Data records:
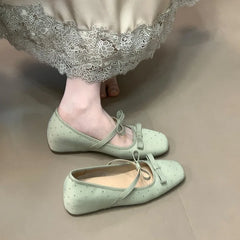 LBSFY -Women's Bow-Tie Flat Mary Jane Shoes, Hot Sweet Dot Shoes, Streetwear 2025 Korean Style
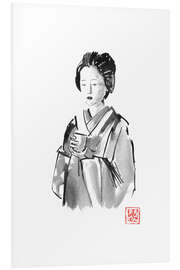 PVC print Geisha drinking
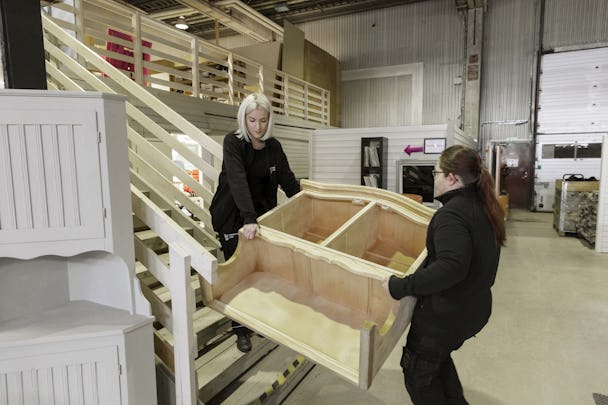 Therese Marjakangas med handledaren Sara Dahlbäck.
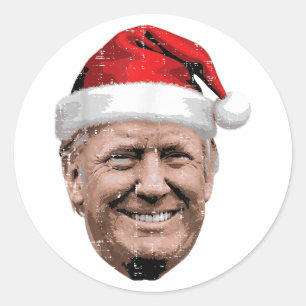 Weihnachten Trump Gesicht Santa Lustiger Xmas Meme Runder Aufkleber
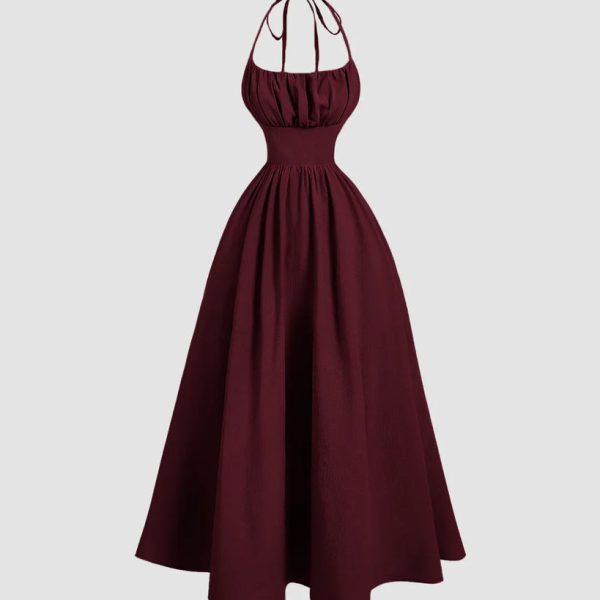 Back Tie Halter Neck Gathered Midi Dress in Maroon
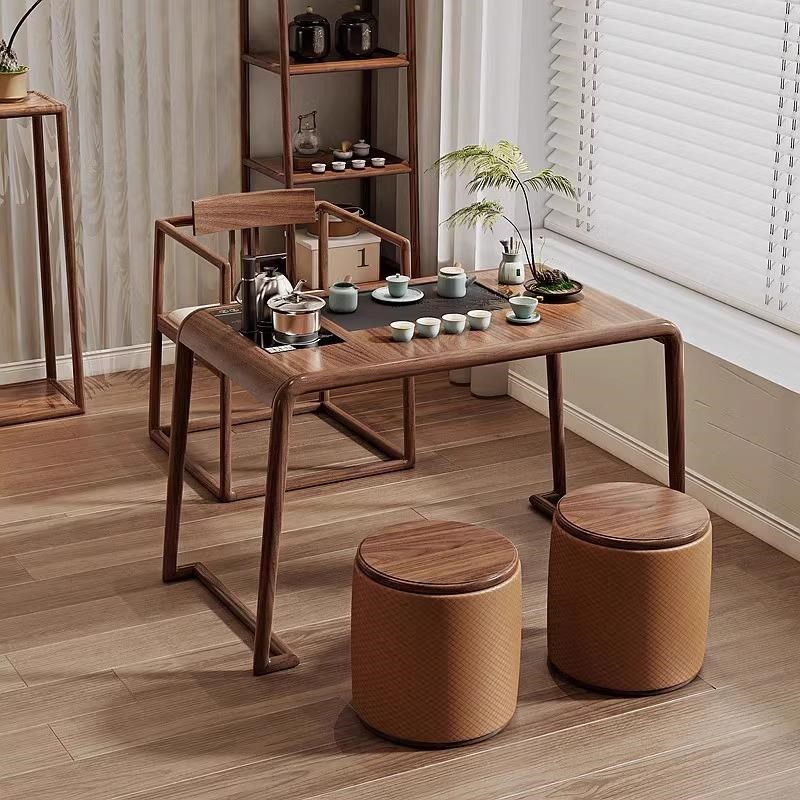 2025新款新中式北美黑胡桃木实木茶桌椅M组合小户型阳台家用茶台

**Exercise directions:**
Give back the entries verbatim but drop every picture.

**Exercise answer:**
 LBSFY -Women's Bow-Tie Flat Mary Jane Shoes, Hot Sweet Dot Shoes, Streetwear 2025 Korean Style
 PVC print Geisha drinking
 Therese Marjakangas med handledaren Sara Dahlbäck.
 Weihnachten Trump Gesicht Santa Lustiger Xmas Meme Runder Aufkleber
 Back Tie Halter Neck Gathered Midi Dress in Maroon
 2025新款新中式北美黑胡桃木实木茶桌椅M组合小户型阳台家用茶台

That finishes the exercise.